Streaming HTTP responses with Ruby and Rack

Posted on November 1, 2020 by wjwh


Almost every Ruby program that handles HTTP requests will use the Rack interface to do so. Rack is an interface describing what applications can expect an HTTP request to look like and how they should respond. Having a common interface for this allows any web framework (such as Rails or Sinatra) to interoperate with any of the available servers (like Unicorn, Puma, or Falcon). In this post we’ll look at a subset of HTTP responses, namely those where the response body is not completely known when the response starts or which are too large to completely fit into memory. These responses must therefore be generated dynamically and streamed to the client.

How Rack handles responses

All Rack responses are of the form [<response code>, <hash with headers>, <response body>], where the response body can be any object that will yield zero or more Strings when each is called on it. A very simple example would be an Array with one String in it, like ['Hello world!']. However, it is also possible to make your own classes that have arbitrary complexity in their each method. With this, you can implement more sophisticated behavior like ranged requests and streaming responses. A very simple example would be the following class that just streams the numbers 1 to 10 at one second intervals:

class SlowStreamer
  def each
    (1..10).each do |i|
      yield (i.to_s + "\n")
      sleep 1
    end
  end
end

You could put a SlowStreamer.new into a Rack response and any Ruby server (ie Puma, Unicorn, Thin, Falcon, etc) will stream this for you without problems. It’s not even required to add a Content-Length header because these servers will automatically apply chunked encoding for you. This basic building block can be used for a lot of different applications.

Zip streaming

The structure of a zip file consists of a number of sections, each of which consists of a header, the actual file contents and then an optional footer. At the end of the file is another section called the “central directory”, which contains more metadata. All these values are just sequences of bytes, which means that they can be represented as Strings with the BINARY encoding. By yielding each of those values in turn, it’s possible to dynamically create and stream out an entire zip file in an HTTP response and this is exactly what the ZipTricks gem provides:

body = ZipTricks::RackBody.new do | zip |
  zip.write_stored_file('mov.mp4') do |sink| # Those MPEG4 files do not compress that well
    File.open('mov.mp4', 'rb'){|source| IO.copy_stream(source, sink) }
  end
  zip.write_deflated_file('long-novel.txt') do |sink|
    File.open('novel.txt', 'rb'){|source| IO.copy_stream(source, sink) }
  end
end
[200, {}, body]

This snippet will take care of generating all the zip-specific bits you will need and yield them in turn.
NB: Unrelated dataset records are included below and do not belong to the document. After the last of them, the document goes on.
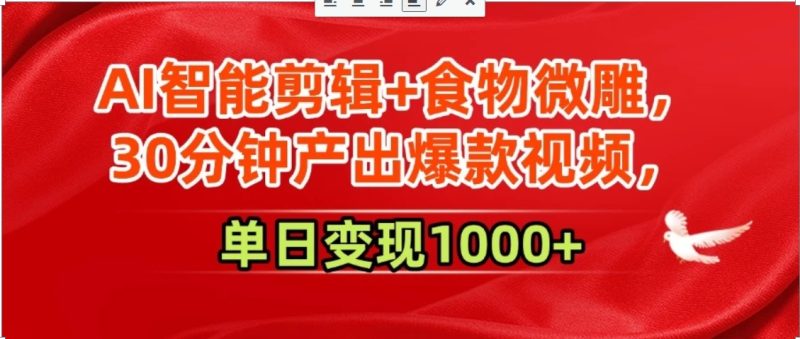 AI智能剪辑+食物微雕，30分钟产出爆款视频，单日变现1000+-老吴出海笔记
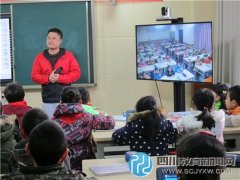 解放北路第一小學(xué)：利用先進(jìn)技術(shù) 共享優(yōu)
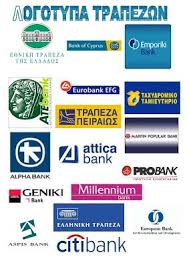 Fylla Ergasias Gia Thn Apotamieysh Attica Alpha Bank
It is quite feasible to have a big list of files and just @files.each all of those files into the RackBody. No matter how large these files are, the amount of memory used for the response will remain small.

Ranged requests

HTTP requests can have a Range header attached to indicate that the client does not want the entire response but only a part of it. This is fairly easy to implement if the response is a short String or even a smallish file on disk, but if the response is composed of several (possibly many) long strings or files together, then things get a lot trickier. Luckily, there’s a gem for that too. The interval_response gem can, for example, be given a list of filepaths to be composed together (if you are streaming log files for example) and will automatically compute which parts of which file is requires. It will make sure that only one file at a time is opened and that only a constant amount of memory is required no matter the size of the file.

lazy_files = log_paths.map { |path| IntervalResponse::LazyFile.new(path) }
interval_sequence = IntervalResponse::Sequence.new(*lazy_files)
response = IntervalResponse.new(interval_sequence, env)
response.to_rack_response_triplet

The trick is once again carefully choosing where and how to yield (or not, in this case) your Strings so that in the end only the parts of the body that the user actually requested are actually computed.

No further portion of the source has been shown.